Seeing that Ray seems to carry these groups, and looks like he's doing a
great job identifying the articles, I'm going to delay diving into this
issue. Maybe take some time to work with Perl without tearing my hair out
first :)
Ray Banana
2024-03-30 16:58:41 UTC
Permalink
Post by Retro Guy
Same here. After looking deeper, these seem mostly in groups that my
servers do not carry, and if they are carried, the articles are filtered by
cleanfeed (before spamassassin in my setup).
That is also the case here. I just added a check for binary articles to
filter_first (before all tests) to add the articles to the NoCem queue
and then continue with the normal cleanfeed processing. I have, however,
added a filter to eliminate the most obvious bogus group names like "a.b.something".
Post by Retro Guy
Seeing that Ray seems to carry these groups, and looks like he's doing a
great job identifying the articles, I'm going to delay diving into this
issue.

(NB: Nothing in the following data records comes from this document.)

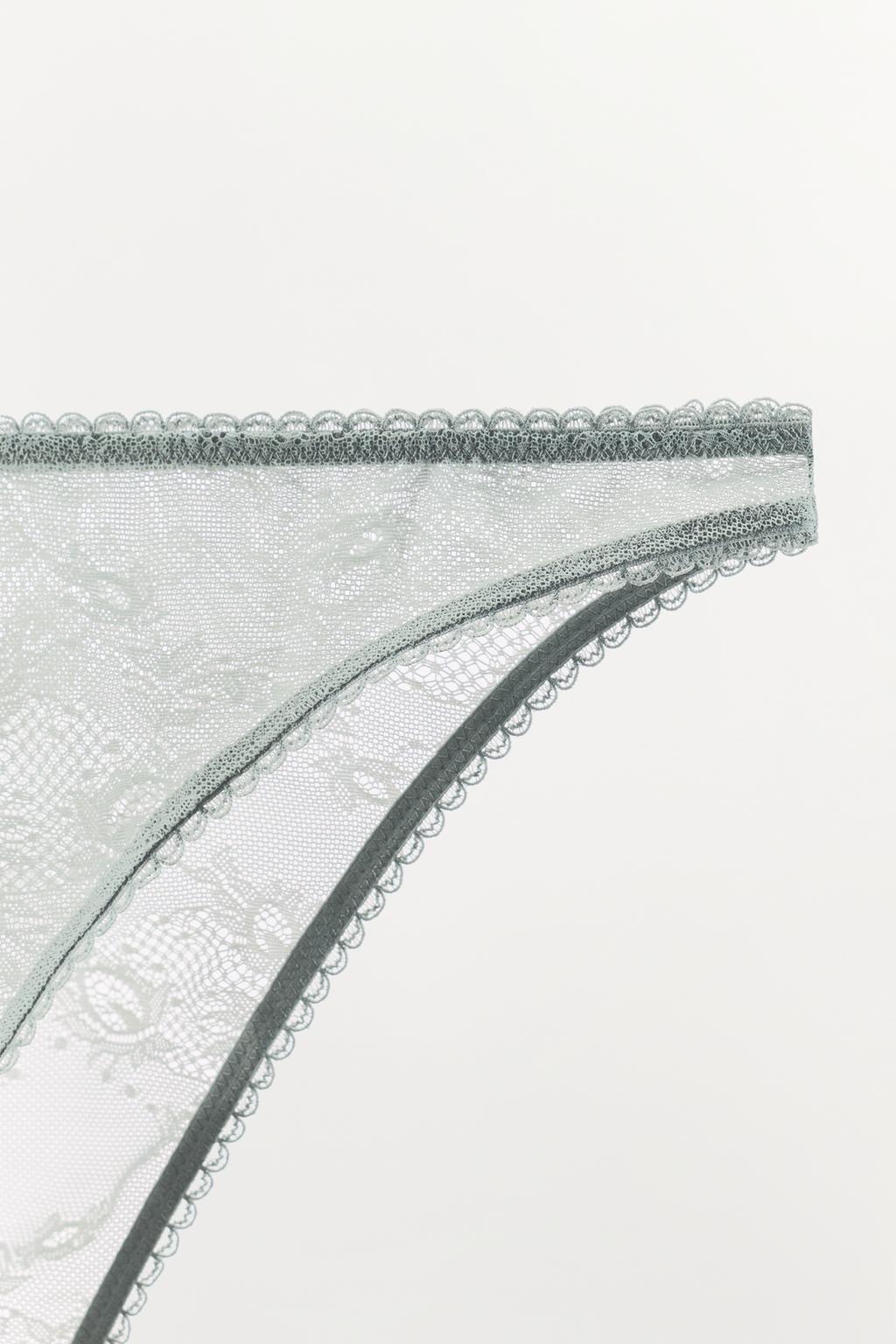 ТРУСЫ ИЗ СЕТЧАТОЙ ТКАНИ С КРУЖЕВОМ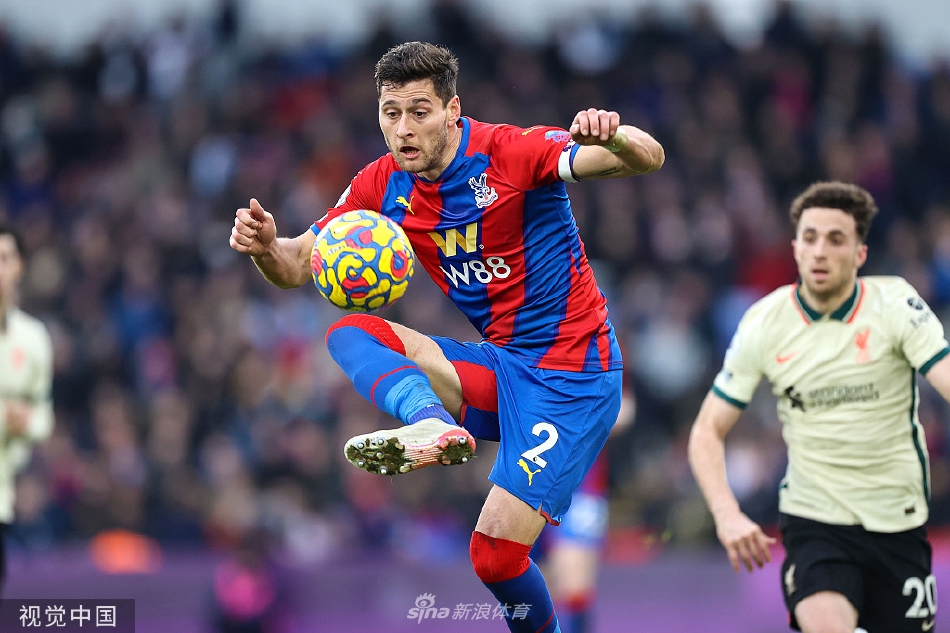 比赛结束后利物浦全队手拉手向客场球迷看台致谢，红色的海洋在伦敦夜空下格外耀眼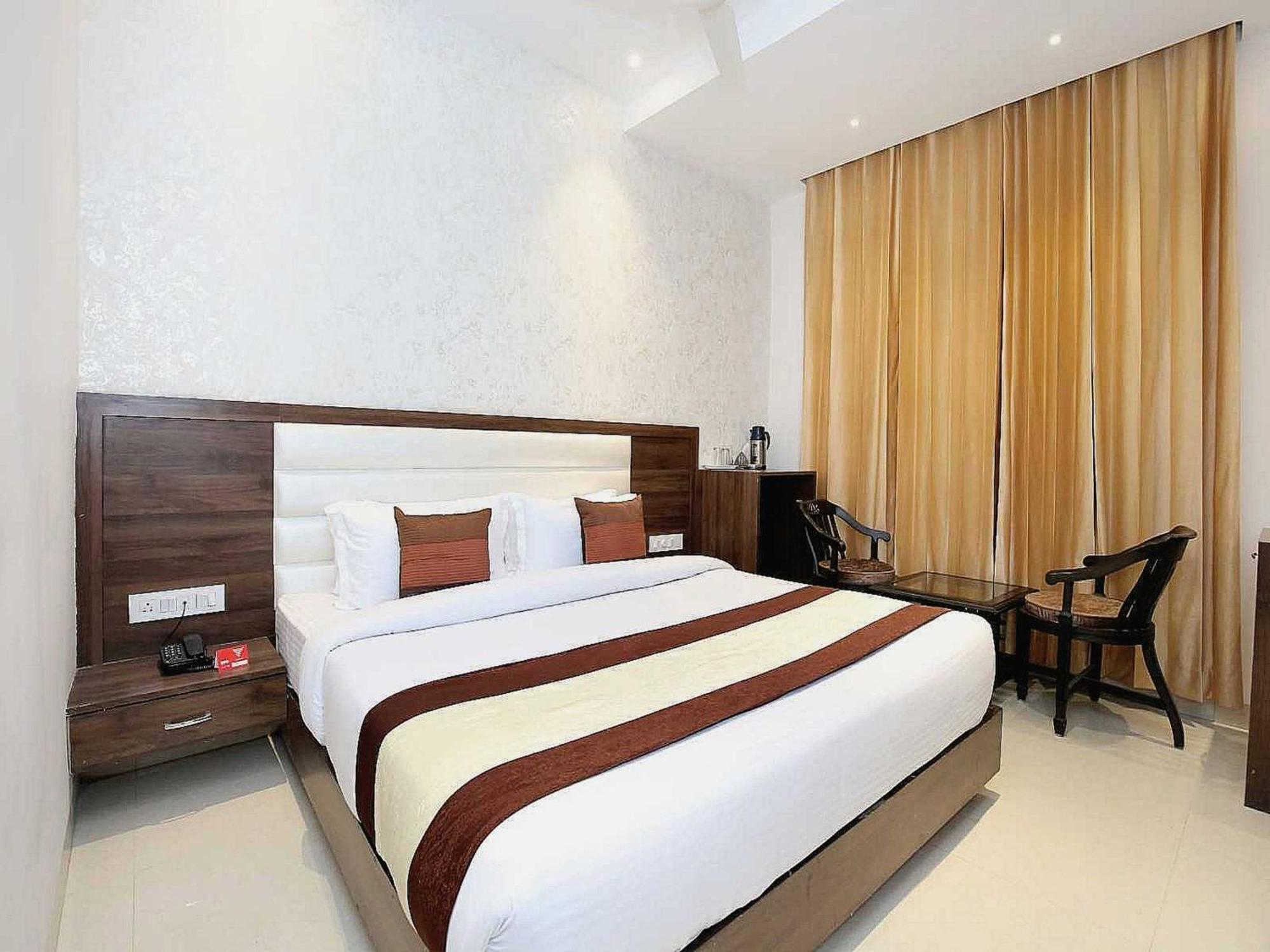 Hotel O Grand Star Amritsar Exterior photo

Maybe take some time to work with Perl without tearing my hair out
first :)
;-)

PS: You seem to have an apprentice spam boy on i2pn2: <uu8uit$3h91i$***@i2pn2.org>
--
Пу́тін — хуйло́
https://www.eternal-september.org
Retro Guy
2024-03-30 19:49:27 UTC
Permalink
Post by Ray Banana
Post by Retro Guy
Same here. After looking deeper, these seem mostly in groups that my
servers do not carry, and if they are carried, the articles are filtered by
cleanfeed (before spamassassin in my setup).
That is also the case here. I just added a check for binary articles to
filter_first (before all tests) to add the articles to the NoCem queue
and then continue with the normal cleanfeed processing. I have, however,
added a filter to eliminate the most obvious bogus group names like "a.b.something".
That's a good idea, I may do so. I'm doing some testing on a test inn(stall) so I can feel free to break it if necessary :)
Post by Ray Banana
Post by Retro Guy
Seeing that Ray seems to carry these groups, and looks like he's doing a
great job identifying the articles, I'm going to delay diving into this
issue. Maybe take some time to work with Perl without tearing my hair out
first :)
;-)
I'm not a fan of DO, IF. I much prefer IF, THEN. Maybe it's just the author of cleanfeed that prefers that order of doing things. I'm the one not very well schooled in Perl so I don't really have any room to talk.
He needs to try harder, lol, I'll keep an eye on it. I find a few since 22 Feb and have sent some nocem for them, but not too bad so far.

I have things set up so it's easy for me to review the first few posts of any new user without having to wade through all the regular user's posts. I do this at least once per day.
--
Retro Guy
Julien ÉLIE
2024-04-02 07:25:07 UTC
Permalink
Hi Wolfgang,
Post by Ray Banana
I just added a check for binary articles to
filter_first (before all tests) to add the articles to the NoCem queue
and then continue with the normal cleanfeed processing. I have, however,
added a filter to eliminate the most obvious bogus group names like "a.b.something".
Thanks a lot!
I see that the binary spam coming from vipernews.com is caught, that's
great!
Incidentally, in your NoCeM notices, wouldn't it be useful to list all
the newsgroups they are sent to? Only the first one is currently
written whereas they could for instance be written on subsequent lines
starting with whitespace, or on the same line. (I agree it would lead
to more lengthy messages or lines.)


I think some newsgroups should be marked as allowing binaries or HTML.
<CAOLa=ZSo7ngBUxkfR+EEojhr4a-mM+3=f-***@mail.gmail.com> in
linux.kernel.git was caught in the Bot-misplaced_binary filter but looks
like a valid article.

As for <XMJON.158253$***@fx06.iad> in alt.binaries.clip-art,
which was only posted to that newsgroup, maybe it should be considered
valid as posted in a newsgroup with a "binaries" component.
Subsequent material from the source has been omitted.